Penjelasan ulama di atas bertemu pada titik yang sama yaitu manhaj atau
minhaj seorang muslim sejati adalah seluruh ajaran al-Quran dan Sunnah. Seluruh
ajaran al-Quran dan sunnah baik terkait dengan adab, akhlak, ibadah dan
muamalah adalah manhaj/jalan seorang muslim.
Sehingga tidak
berdusta, tidak khianat dan seterusnya adalah manhaj seorang muslim dalam
masalah akhlak. Makan dengan tangan, dan lain-lain adalah manhaj seorang muslim
dalam masalah adab. Rutin menjalankan shalat lima waktu adalah di antara manhaj
seorang muslim dalam bidang ibadah. Tidak mau berjudi adalah di antara manhaj
seorang muslim dalam bidang muamalah.
2. Definisi dan Urgensi Jamaah
Jamaah
adalah terma agama. Islam menyebutnya dengan jamaah, sedangkan jemaat merupakan
istilah Kristen. Berkumpul (al-tajammu’), merupakan kenyataan penting
untuk mengukuhkan agama Islam di dalam kehidupan umat. (Amahzun, 2005: 165).

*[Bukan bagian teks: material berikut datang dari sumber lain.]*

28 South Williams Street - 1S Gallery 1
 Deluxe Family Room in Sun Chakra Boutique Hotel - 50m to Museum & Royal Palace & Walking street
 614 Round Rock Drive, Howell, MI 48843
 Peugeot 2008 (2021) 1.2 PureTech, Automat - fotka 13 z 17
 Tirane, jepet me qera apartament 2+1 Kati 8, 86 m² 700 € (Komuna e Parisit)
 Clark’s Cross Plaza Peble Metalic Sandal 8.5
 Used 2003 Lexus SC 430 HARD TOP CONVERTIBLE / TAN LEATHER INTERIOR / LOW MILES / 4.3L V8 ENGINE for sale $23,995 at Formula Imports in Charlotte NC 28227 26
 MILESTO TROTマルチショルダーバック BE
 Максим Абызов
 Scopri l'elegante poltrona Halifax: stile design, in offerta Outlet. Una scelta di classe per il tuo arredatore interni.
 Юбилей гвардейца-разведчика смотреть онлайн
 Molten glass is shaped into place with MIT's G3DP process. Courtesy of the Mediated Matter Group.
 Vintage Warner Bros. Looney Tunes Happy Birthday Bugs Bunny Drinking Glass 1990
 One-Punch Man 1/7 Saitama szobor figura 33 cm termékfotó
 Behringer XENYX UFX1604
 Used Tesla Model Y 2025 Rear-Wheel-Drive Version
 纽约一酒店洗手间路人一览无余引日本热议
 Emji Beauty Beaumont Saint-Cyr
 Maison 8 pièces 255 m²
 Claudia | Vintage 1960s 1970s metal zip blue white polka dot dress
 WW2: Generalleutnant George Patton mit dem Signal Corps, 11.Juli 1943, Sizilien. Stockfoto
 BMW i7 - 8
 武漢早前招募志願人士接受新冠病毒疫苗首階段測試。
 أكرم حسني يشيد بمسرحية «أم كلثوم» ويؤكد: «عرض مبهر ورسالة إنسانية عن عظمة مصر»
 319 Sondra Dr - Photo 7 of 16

Bahkan, Islam tidak mungkin berdiri kokoh tanpa adanya jamaah yang senantiasa
bersatu padu.
Kata
jamaah semata-mata menunjukan suatu kelompok kecil masyarakat tetapi lebih luas
dari keluarga yang hidup bersama menyelesaikan persoalan hidup mereka secara
bersama baik dalam bidang ubudiah, maupun bidang kehidupan lainnya, seperti
ekonomi, kesehatan, budaya dan politik (Mulkhan, 1996: 214). Apa yang disebut
jamaah dalam konsep ini, lebih sesuai dengan kelompok dalam ilmu sosiologi.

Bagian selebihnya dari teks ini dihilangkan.